Saturday, October 6, 2007

Two-headed snake

This wonderful snake have two heads. One day one ten-year-old American boy from Kentucky tried to pick up a snake with a stick and then noticed, that it is two-headed! Imagine how surprised he was when the snake grabbed the stick with both heads!



Two-headed snakes are not as rare as you might think. They have been found in the Unated States, Argentina, Honduras, Sri Lanka and Spain.

Gordon Burdhardt, zoologist at the university of Tennessee, has studied several two-headed snakes. And every time the heads were so independent they even fought for food.
Sometimes the heads become so aggressive they can even try to eat each other!

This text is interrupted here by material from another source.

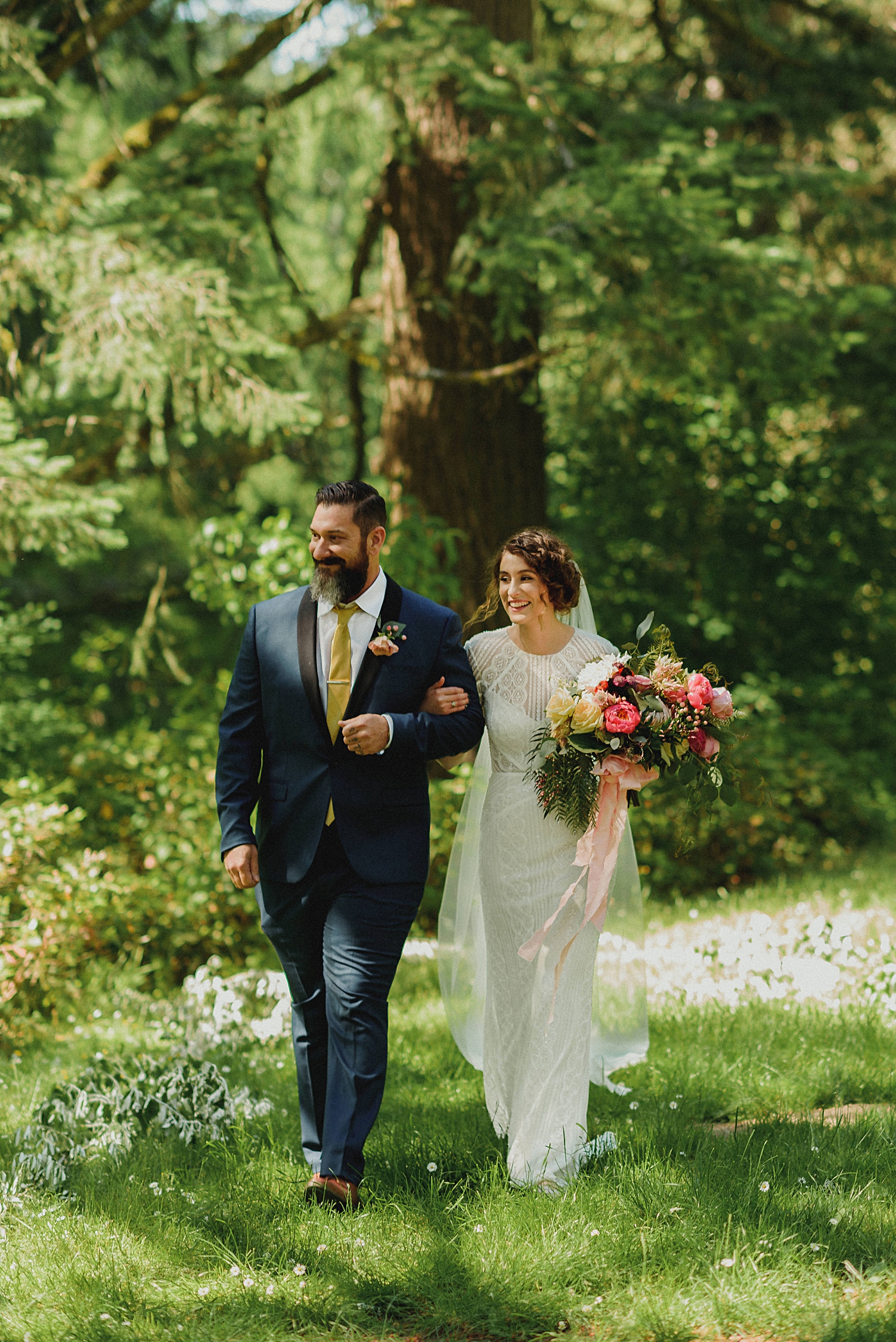 Hoyt Arboretum wedding bride aisle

Two-headed snakes also have a great deal of difficultly deciding which direction to do. That’s probably because one head wants to turn left and the other one wants to turn right.
A lack of understanding between two heads can lead to even greater difficulties: a predator would quickly swallow the hesitant snake.
“So their chances of surviving in the wild are nil”, – says Burdhardt. “They can be easily attacked by predators. Two heads are NOT always better than one”.
Even in captivity, there are problems. Food should be given to one head first and a moment later to the other one. If both months are busy chewing, they won’t attack each other.
On the whole, though, they can do quite well in captivity, says Burdhardt.

Thelma and Louise, a two-headed boa constrictor was born in Ney0York. Experts don’t know why she was born this way. Indy the snake has 26 brothers and sisters but because she’s one of the kind, she could one day be sold for about $500,000 to a zoo or a collector.
Right now Indy’s second head can’t eat, drink or breathe but it flicks its tongue and looks around.

The two-headed monsters of myth may have a basis in reality!